The lines below, from the one holding "Reitturnier Moringen 2024" through the one holding "もつ 熊本県産 冷凍[AYBV039]", are to be restated word for word, with all images left out.

_Data for processing_.

=== Begin Enclosure ===

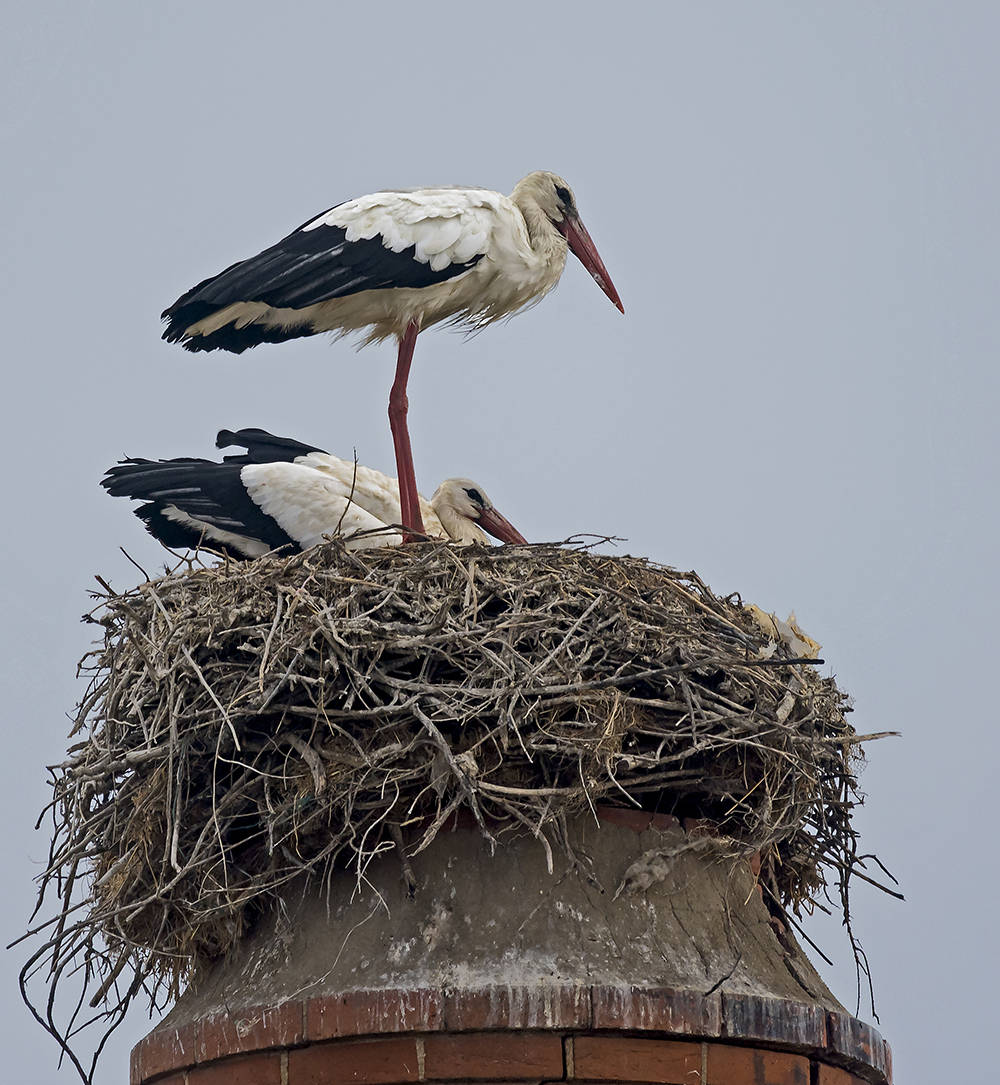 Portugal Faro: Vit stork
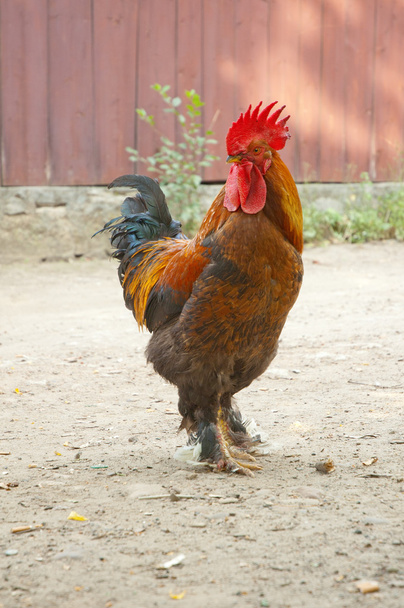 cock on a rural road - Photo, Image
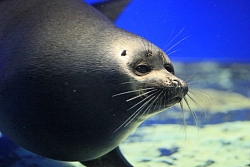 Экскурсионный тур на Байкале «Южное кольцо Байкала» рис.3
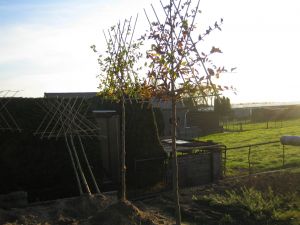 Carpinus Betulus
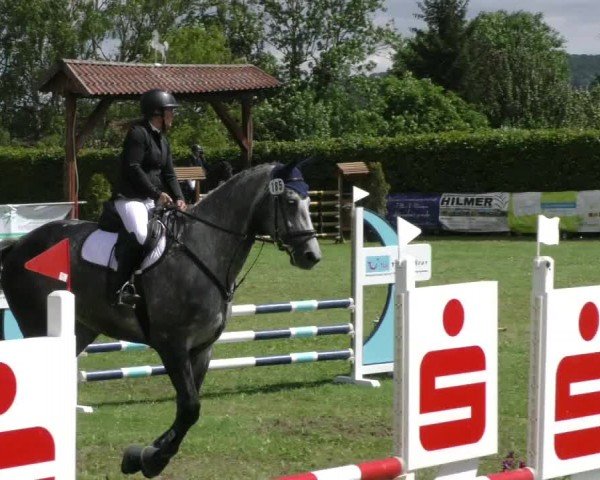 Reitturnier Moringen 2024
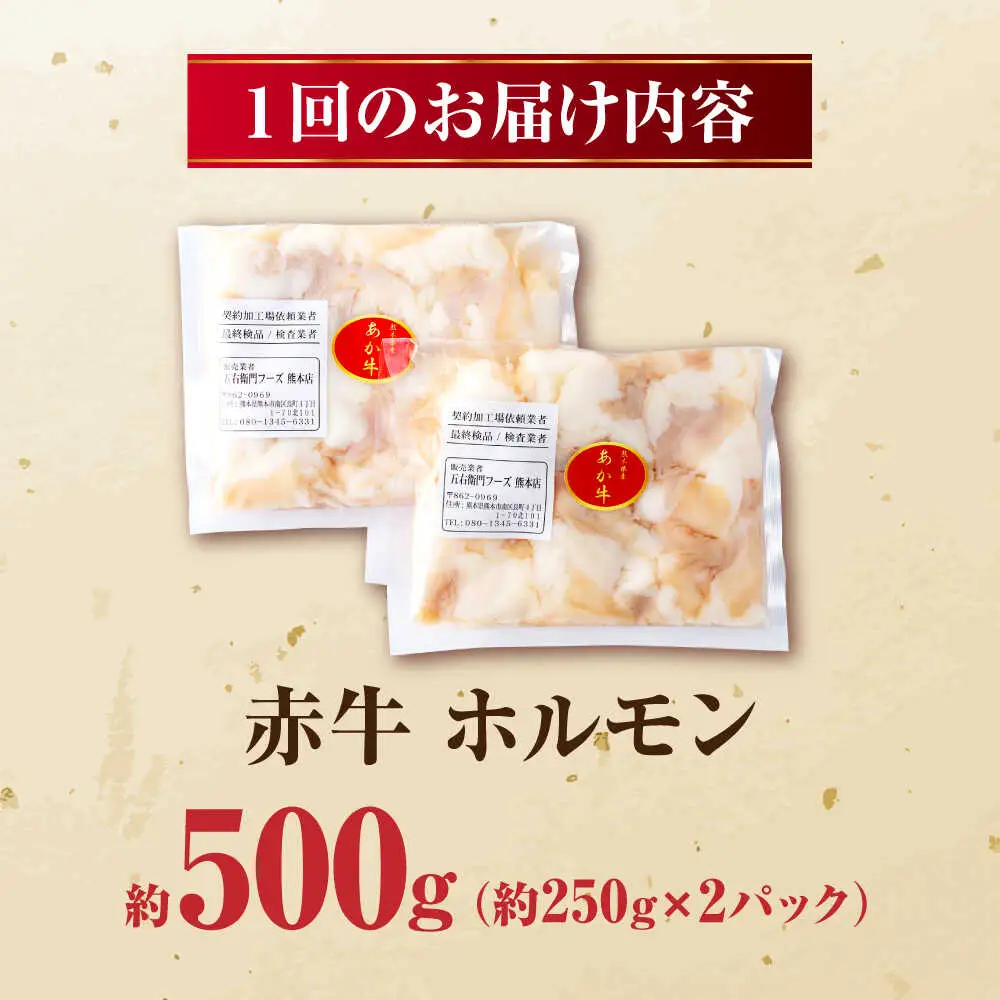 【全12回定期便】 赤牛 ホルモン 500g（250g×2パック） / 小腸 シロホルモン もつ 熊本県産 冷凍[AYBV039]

=== End Enclosure ===
=== Begin Enclosure ===

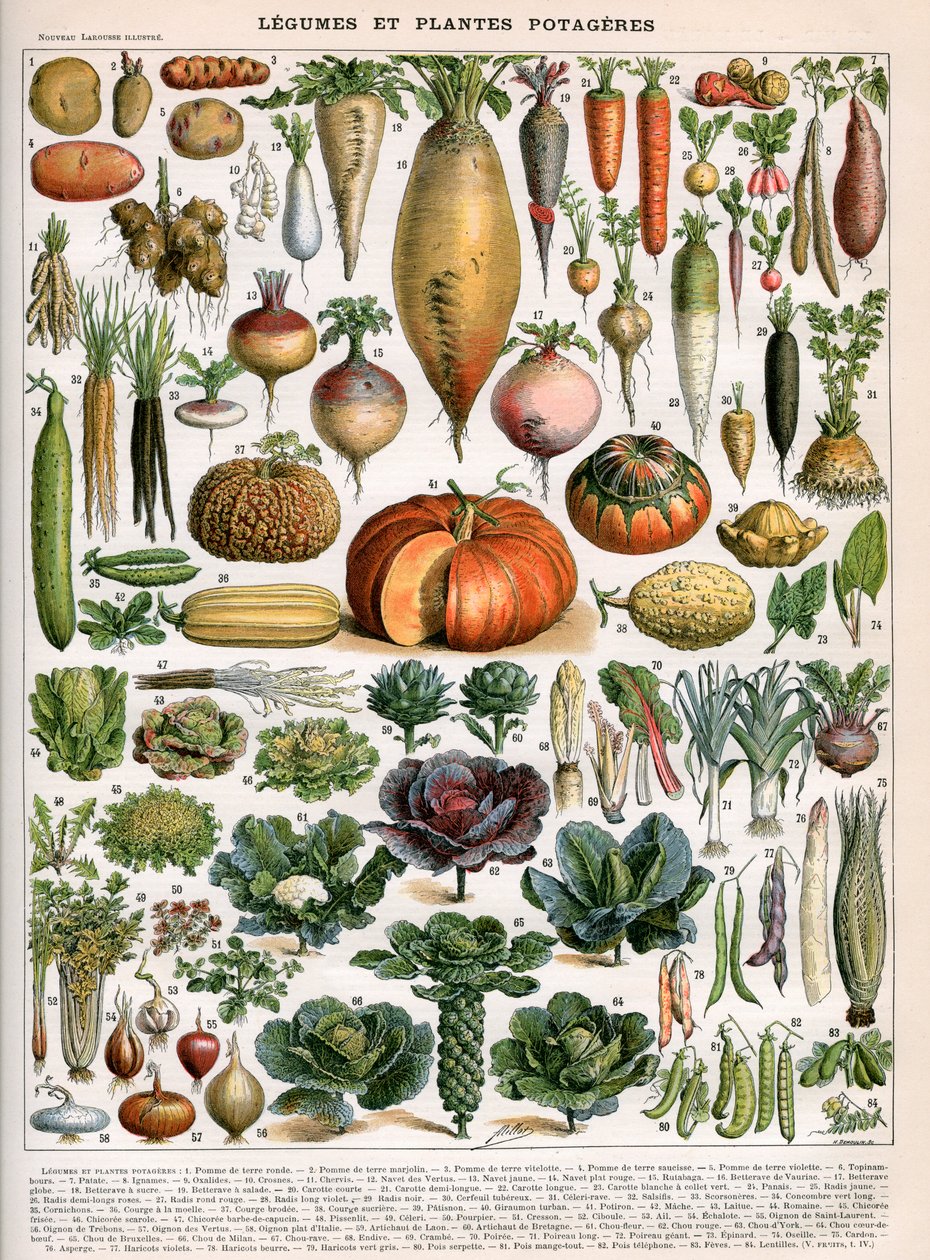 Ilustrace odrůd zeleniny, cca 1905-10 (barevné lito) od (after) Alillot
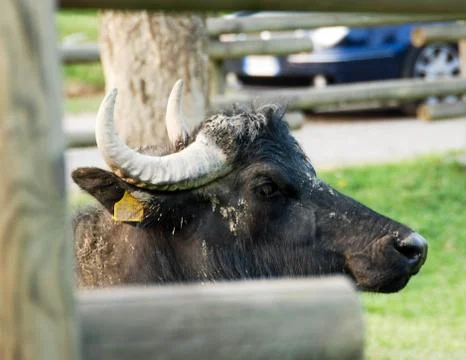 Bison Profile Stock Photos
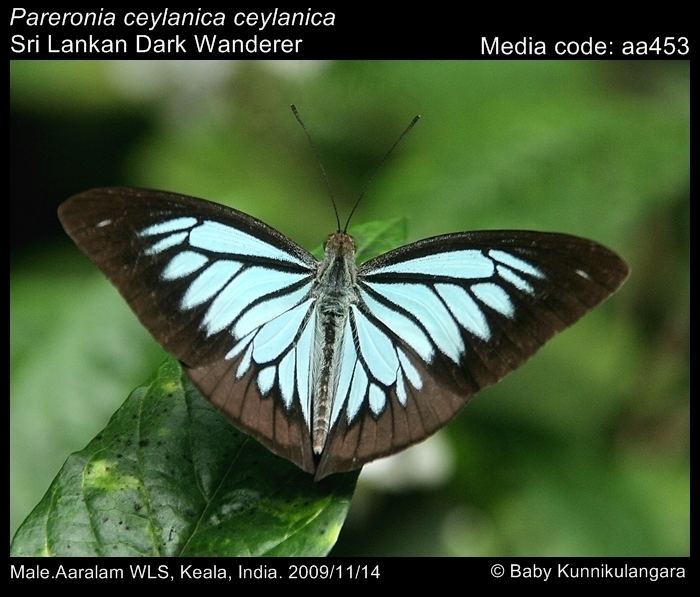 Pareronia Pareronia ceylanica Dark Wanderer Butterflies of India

=== End Enclosure ===

_Result_.
 Reitturnier Moringen 2024
 【全12回定期便】 赤牛 ホルモン 500g（250g×2パック） / 小腸 シロホルモン もつ 熊本県産 冷凍[AYBV039]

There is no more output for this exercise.